I believe the shallow back wound bullet is supposed to be the bullet that SA Paul Landis claimed he found inside the JFK Limo. Landis also claimed to have placed that same bullet on a hospital gurney.
Yes, it's too bad Landis didn't reveal his bombshell at the time. I will grant that the autopsy doctors' inability to trace the path of the bullet that caused the back wound is puzzling. I will grant Cliff Varnell's point that the alignment of the holes in the clothing with the throat wound is problematical (yes, I know all about the "bunching" argument regarding the clothes). Add in the condition of CE 399 for all the damage it is supposed to have done, together with Connally's insistence he was hit by a different shot, and the SBT is somewhat (or considerably more than somewhat) difficult to swallow. On the other hand, it's quite difficult to accept the back wound being a Carcano dud that found its target 80+ yards away and penetrated two layers of clothing and an inch or two of skin. In my past experience with reloading, in which I managed to create a fair number of duds, that isn't realistic dud performance.

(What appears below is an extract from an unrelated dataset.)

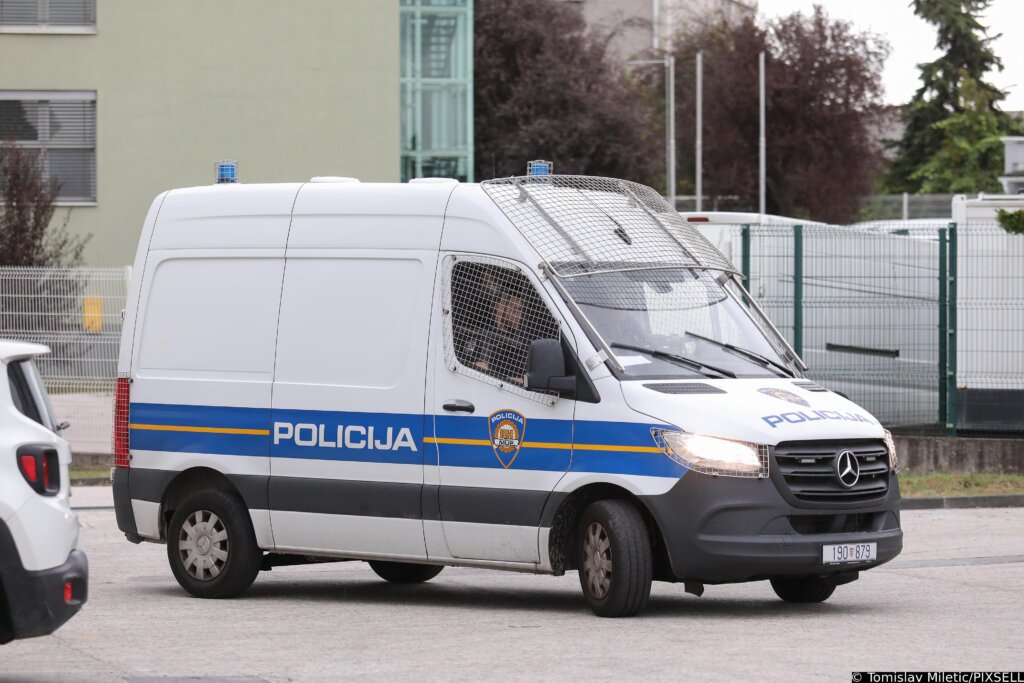 U tijeku nova uhićenja navijača u Osijeku i Vinkovcima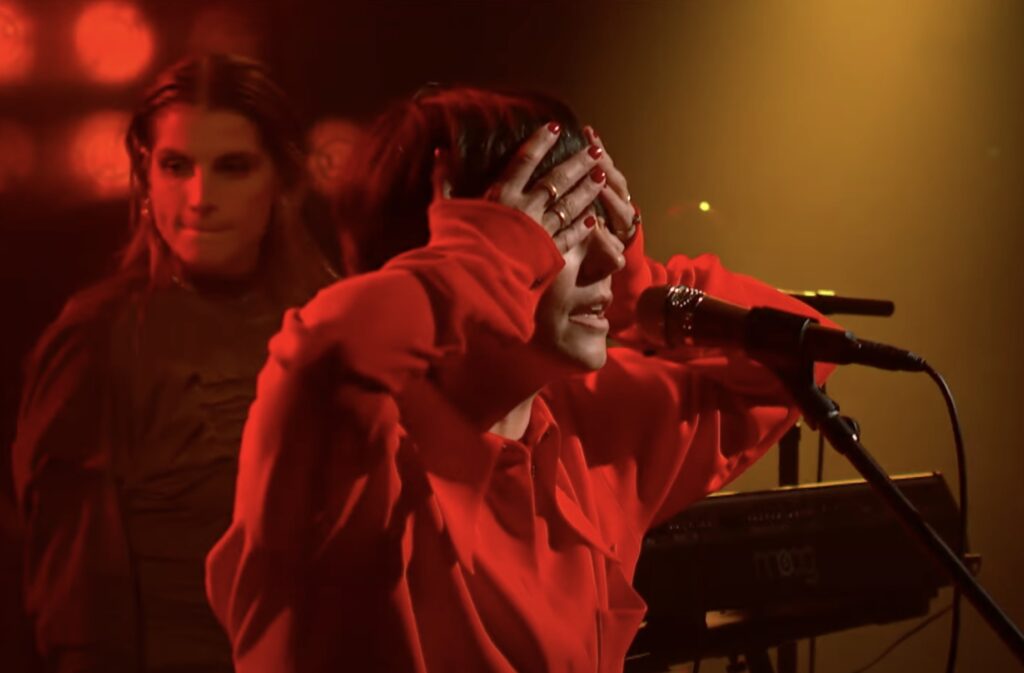 watch-sharon-van-etten’s-flawless-rendition-of-‘mistakes’-on-‘colbert’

I tend to think the SBT, with all its problems, is the most likely solution. There are so many variables as to EXACTLY how the rifle was positioned, EXACTLY what the particular cartridge was like, EXACTLY how the car was positioned and moving, EXACTLY how JFK's clothing was positioned (including the possible effect of his back brace), EXACTLY how JFK and Connally were positioned, and EXACTLY what the bullet did upon impact, transit and second and third impacts, for me to place much stock in forensic reconstructions supposedly showing the SBT is impossible. I do like to play around with alternative scenarios and am not convinced the SBT is absolutely essential to the LN narrative.